The government has extended the financial guarantee to researchers applying for funding from Horizon Europe once more, even as it calls for ideas for the next research and innovation ‘moonshots’ that could be delivered via the UK’s proposed Horizon alternative.
It’s the fifth time the safety net has been extended since it was set up in late 2021, enabling successful applicants to the EU’s framework programme to receive their grant from funder UKRI while the government negotiates association. In a call with EU president Ursula von der Leyen earlier this week, the prime minister Rishi Sunak said he hoped to see progress soon.
Swift association had been expected after the post-Brexit trade dispute over Northern Ireland was resolved in February, especially as technical details had already been agreed as part of the UK’s withdrawal. Since then, however, there has been a changing cast of negotiators: the EU’s research commissioner resigned last month to become Bulgaria’s prime minister, while cover has been arranged for science secretary Michelle Donelan while she is on maternity leave. The government won’t disclose whether the new science secretary, Chloe Smith, has met her EU counterparts since, but said discussions are live.
Pay to play
As in 2020, the price tag for association is a major issue. A government spokesperson said ‘our participation must be fair for UK researchers, businesses and taxpayers and reflect the lasting impact of two years of EU delays to the UK’s association’.
The EU has agreed that the UK should not pay for the years of Horizon that it has missed, but the government ‘has been arguing that the value to the UK of participating in Horizon is lower than it would have been if we’d had full participation right from the start’, says Kieron Flanagan, professor of science and technology policy at the University of Manchester. ‘It seems to be that they want a complete reset – a new set of terms.’
‘They don’t get why the UK can’t spend the money directly and have equal or better impact,’ he adds. ‘They just can’t conceive of the value in projects themselves. The value comes from the activity – the scientists that are funded, the networks that are built.’
The payment mechanism for the UK is based on its GDP as a share of EU GDP, with a top up if researchers are more successful than anticipated. But there’s no mechanism to reduce the UK’s contribution if researchers win a lower share of funding. Other newly associated countries such as Israel, and Bosnia and Herzegovina do have an annual corrective mechanism that works both ways.
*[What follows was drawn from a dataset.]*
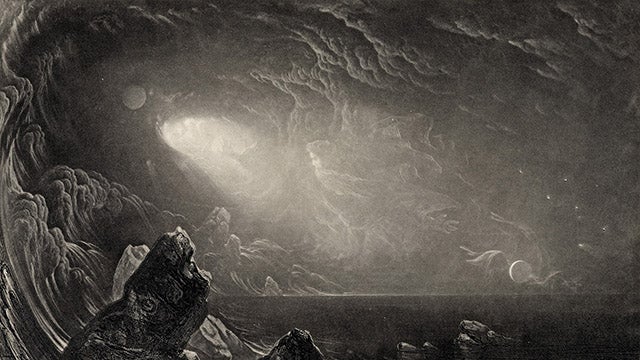 Detail from a mezzotint with etching entitled The Creation, by John Martin from 1838. Waters and clouds swirl above an ocean, with planet and stars above, and a shaft of light piercing the clouds.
’We will have to pay in more than we get out in all likelihood. But it’s a question of trying to ensure that there’s some protection against that being enormous,’ suggests Peter Mason, who leads on European engagement at Universities UK. However, ‘we can’t look at the current level of participation and assume that’s the baseline – that’s where we are after all these years of uncertainty. So that’s an argument that we’re making to government as well.’
David Eggleton, a lecturer in project management at the Science Policy Research Unit at Sussex University, adds that ‘there are concerns from the [European] Commission, that the UK may just cherry pick the bits of Horizon Europe it wants to be associated with, that it does really well in and then not be associated with those it does not do so well in, so the UK gets the maximum proverbial bang for its buck.’
Aside from money, it’s a ‘power issue’ suggests Kurt Deketelaere, secretary-general of the League of European Research Universities. ‘The UK government wants to show, for its universities and citizens, that they have made the best deal and forced the [commission] to make some concessions,’ he says, calling for pragmatism from both sides.
‘Chilling effect’
Since the safety net for researchers was put in place, the government has committed over £1.1 billion to cover almost 1600 collaborations, alongside more than 700 grants to researchers who successfully applied for awards from the European Research Council or Marie Skłodowska-Curie Actions. However, the Treasury has also clawed back £1.6 billion of the almost £7 billion set aside for the first four years of Horizon Europe at the autumn spending review in 2021.
While the UK is still winning projects, there’s no doubt continuing uncertainty has led to a drop-off in participation with leading universities so far securing just a fraction of the funding they were awarded under Horizon 2020. Applications for European Research Council grants have also fallen, from 1314 in 2018 to 918 in 2022. Researchers say there’s anecdotal evidence that EU institutions are being advised not to include British partners. That’s already ‘having a chilling effect’, says Eggleton. For early career researchers ‘it all feels deeply, deeply uncertain’.
He speculates that – just as in the case of Switzerland, which is not yet associated – UK participation is being tied to wider relationship issues. ‘Perhaps the commission and council would like to see that improved working relationships start to bear fruit before they start giving the UK some of these benefits of association.’
However, does a crunch point come for association, with Horizon now in its third year? Deketelaere believes the UK ‘must certainly be on board for the second half of the programme’. ‘It’s tricky,’ says Mason. ‘The question is, how do we give scientists certainty? We want the association, but we also want certainty. Ideally, we [will] find a compromise with the EU which works for both sides, and that’s through association. But I don’t think anyone wants to be in this position in six months’ time, where we’re still going through this [seemingly] interminable negotiation process.’